Unique Surgical Cases: Removing Magnets Swallowed By Children
Jennifer C. Kerr, AP
Buckyballs are high-powered desktop magnetic toys for adults, but some young children are swallowing the tiny magnets and getting hurt. Teens also have accidentally ingested the magnetic balls after trying to mimic tongue piercings, leading the government to take steps to stop the sale of the product. In an unusual move, the Consumer Product Safety Commission filed an administrative complaint against New York-based Maxfield and Oberton, the manufacturer of Buckyballs. The desktop toys have small but very powerful magnets that are strong enough to mold into different shapes.
The safety commission says the company refused to recall the product. On another front, the agency said it was able to persuade about 10 retailers, including Amazon.com, to stop selling Buckyballs. In a statement, Maxfield and Oberton called the agency actions "unfair, unjust and un-American." Company founder Craig Zucker said his products are marketed to people 14 and older and carry clear warning labels to keep them away from kids. Since 2009, the CPSC says, at least a dozen children have swallowed the magnets. Some required surgery.
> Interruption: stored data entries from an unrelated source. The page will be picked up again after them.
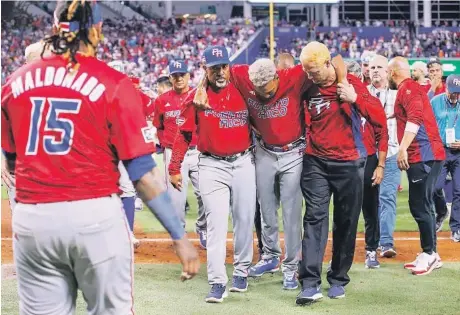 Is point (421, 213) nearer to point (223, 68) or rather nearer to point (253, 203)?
point (253, 203)

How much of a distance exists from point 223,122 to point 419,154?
199cm

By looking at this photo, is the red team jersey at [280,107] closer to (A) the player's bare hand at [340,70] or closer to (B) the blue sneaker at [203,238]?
(A) the player's bare hand at [340,70]

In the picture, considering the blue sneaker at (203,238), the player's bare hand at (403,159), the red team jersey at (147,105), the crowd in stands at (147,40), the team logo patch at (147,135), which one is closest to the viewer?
the team logo patch at (147,135)

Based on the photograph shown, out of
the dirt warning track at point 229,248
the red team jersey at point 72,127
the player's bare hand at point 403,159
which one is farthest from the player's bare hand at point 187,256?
the dirt warning track at point 229,248

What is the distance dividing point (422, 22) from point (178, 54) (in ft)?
54.5

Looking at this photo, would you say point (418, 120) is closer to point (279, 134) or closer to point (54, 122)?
point (279, 134)

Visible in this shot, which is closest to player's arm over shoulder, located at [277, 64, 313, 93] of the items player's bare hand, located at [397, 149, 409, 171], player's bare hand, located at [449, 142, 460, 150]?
player's bare hand, located at [397, 149, 409, 171]

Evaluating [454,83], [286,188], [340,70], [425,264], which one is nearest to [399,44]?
[454,83]

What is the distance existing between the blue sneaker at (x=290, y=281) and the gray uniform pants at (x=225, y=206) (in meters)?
0.33

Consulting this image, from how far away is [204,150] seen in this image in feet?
20.4

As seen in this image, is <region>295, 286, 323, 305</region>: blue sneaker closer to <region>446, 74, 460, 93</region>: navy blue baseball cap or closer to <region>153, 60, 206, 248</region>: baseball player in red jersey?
<region>153, 60, 206, 248</region>: baseball player in red jersey

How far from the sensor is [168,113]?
8.63 metres

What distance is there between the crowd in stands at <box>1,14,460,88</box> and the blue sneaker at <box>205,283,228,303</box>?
27.4 meters

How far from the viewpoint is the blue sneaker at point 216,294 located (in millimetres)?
5914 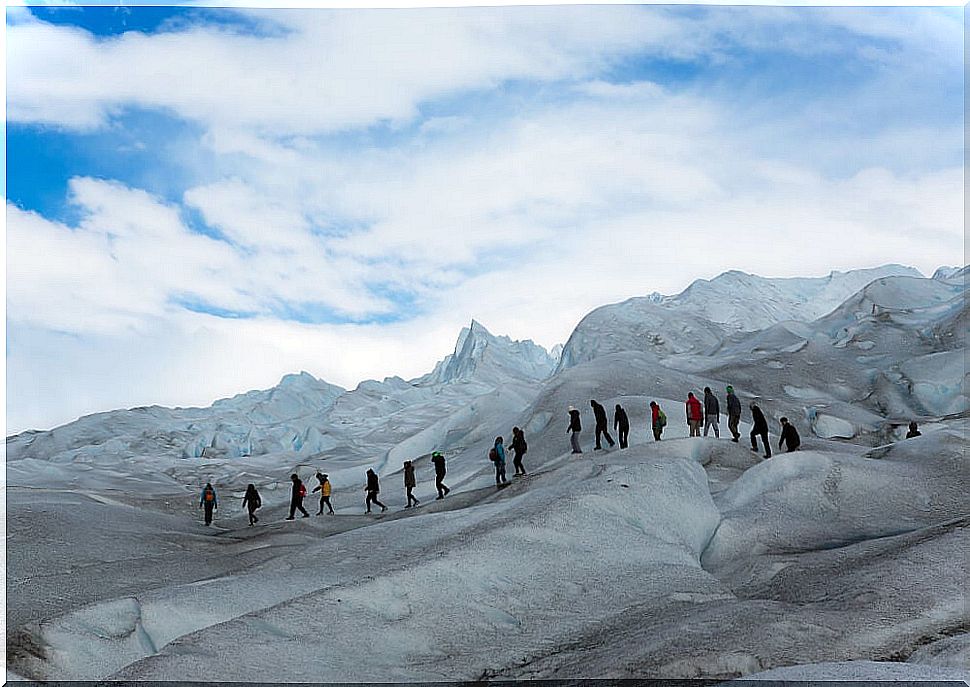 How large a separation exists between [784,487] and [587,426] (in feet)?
39.0

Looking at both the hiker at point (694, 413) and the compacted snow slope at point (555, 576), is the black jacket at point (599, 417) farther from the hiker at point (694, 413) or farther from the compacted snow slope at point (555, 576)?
the hiker at point (694, 413)

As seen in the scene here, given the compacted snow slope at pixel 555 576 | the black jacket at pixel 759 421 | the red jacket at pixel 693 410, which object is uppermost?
the red jacket at pixel 693 410

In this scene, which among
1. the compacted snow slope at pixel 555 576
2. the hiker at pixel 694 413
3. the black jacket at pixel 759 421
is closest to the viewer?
the compacted snow slope at pixel 555 576

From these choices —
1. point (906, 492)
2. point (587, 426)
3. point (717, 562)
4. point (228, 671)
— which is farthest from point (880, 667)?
point (587, 426)

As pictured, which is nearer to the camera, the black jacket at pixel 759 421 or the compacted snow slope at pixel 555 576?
the compacted snow slope at pixel 555 576

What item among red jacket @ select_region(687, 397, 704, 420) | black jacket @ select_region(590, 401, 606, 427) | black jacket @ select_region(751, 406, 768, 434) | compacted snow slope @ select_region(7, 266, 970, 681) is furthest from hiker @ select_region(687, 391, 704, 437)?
black jacket @ select_region(590, 401, 606, 427)

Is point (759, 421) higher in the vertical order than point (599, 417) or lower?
lower

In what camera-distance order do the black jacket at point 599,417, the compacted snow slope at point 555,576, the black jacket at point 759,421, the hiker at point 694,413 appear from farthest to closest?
the black jacket at point 599,417
the hiker at point 694,413
the black jacket at point 759,421
the compacted snow slope at point 555,576

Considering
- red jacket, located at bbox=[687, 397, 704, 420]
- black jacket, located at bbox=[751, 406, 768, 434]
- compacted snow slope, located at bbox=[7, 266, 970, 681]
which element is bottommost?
compacted snow slope, located at bbox=[7, 266, 970, 681]

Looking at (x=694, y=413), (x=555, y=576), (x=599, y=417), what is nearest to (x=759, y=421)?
(x=694, y=413)

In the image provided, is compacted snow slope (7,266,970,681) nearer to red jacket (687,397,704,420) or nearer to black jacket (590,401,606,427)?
black jacket (590,401,606,427)

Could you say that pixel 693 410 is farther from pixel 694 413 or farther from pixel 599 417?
pixel 599 417

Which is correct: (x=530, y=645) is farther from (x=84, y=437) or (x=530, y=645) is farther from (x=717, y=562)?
(x=84, y=437)

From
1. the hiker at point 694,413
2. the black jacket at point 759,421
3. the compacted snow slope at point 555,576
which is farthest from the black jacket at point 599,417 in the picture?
the black jacket at point 759,421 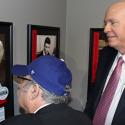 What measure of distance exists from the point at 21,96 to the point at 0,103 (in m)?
0.35

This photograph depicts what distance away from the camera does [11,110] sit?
1.47 m

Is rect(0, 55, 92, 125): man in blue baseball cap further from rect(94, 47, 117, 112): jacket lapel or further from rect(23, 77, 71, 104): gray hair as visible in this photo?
rect(94, 47, 117, 112): jacket lapel

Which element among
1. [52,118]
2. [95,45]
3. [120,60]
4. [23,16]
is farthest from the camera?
[95,45]

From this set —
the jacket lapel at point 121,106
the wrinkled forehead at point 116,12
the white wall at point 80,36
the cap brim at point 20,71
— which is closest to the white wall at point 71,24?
the white wall at point 80,36

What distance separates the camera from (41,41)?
1.71 meters

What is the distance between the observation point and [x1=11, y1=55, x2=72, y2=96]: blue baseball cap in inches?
40.1

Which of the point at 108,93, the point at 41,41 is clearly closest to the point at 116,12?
the point at 108,93

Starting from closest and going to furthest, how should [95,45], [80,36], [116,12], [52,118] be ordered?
[52,118] < [116,12] < [95,45] < [80,36]

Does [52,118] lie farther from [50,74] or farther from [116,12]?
[116,12]

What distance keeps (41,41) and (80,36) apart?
0.59 meters

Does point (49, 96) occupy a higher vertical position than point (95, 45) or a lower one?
lower

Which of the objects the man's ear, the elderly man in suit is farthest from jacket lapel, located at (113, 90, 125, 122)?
the man's ear

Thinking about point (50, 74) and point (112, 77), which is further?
point (112, 77)

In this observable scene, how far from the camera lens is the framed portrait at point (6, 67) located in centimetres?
131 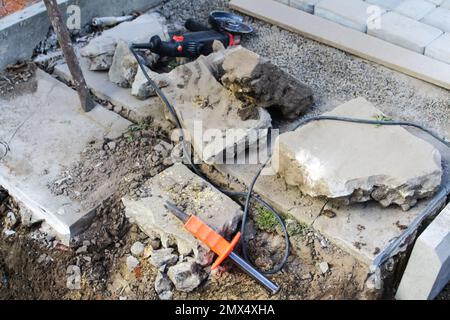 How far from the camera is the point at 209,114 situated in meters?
3.69

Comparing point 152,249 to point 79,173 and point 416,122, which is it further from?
point 416,122

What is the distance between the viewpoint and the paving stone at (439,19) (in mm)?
4468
One of those needing emergency surgery was Sabrina Lopez, 12, in Bakersfield, California. Betty Lopez said she and her daughter were preparing dinner earlier this year when her daughter told her that a friend had brought Buckyballs to school and the girls were pretending to have tongue piercings. Her mom says while Sabrina was twisting her tongue with the balls in her mouth, she accidentally swallowed them. "It's extremely frightening," Betty Lopez said in an AP interview. "She could have died." The girl was rushed to urgent care and an X-ray showed she had swallowed four magnets. She had emergency surgery and spent six days in the hospital.
In its complaint, the commission says the powerful magnets can get stuck in the gastrointestinal walls, leading to perforations that can cause serious injury or death. In one case the agency cited, a four-year-old boy accidentally ingested three Buckyballs magnets that he thought were chocolate candy. Last year, CPSC issued a safety warning about high-powered magnets. Since then, however, the agency says it has continued to receive reports of children swallowing the tiny magnets.
Maxfield and Oberton's Zucker said his company will fight the agency. "We worked with the commission in order to do an education video less than nine months ago, so we are shocked they are taking this action," he added.
If the administrative law judge rules in favor of the commission, then CPSC could compel Maxfield to stop the sale of its Buckyballs, but the company could appeal to the agency's four commissioners. It could also appeal in federal court. The commission typically negotiates product recalls with companies, and they usually work out an agreement. The last time the agency filed an administrative complaint against a company was in 2001 in a BB gun case.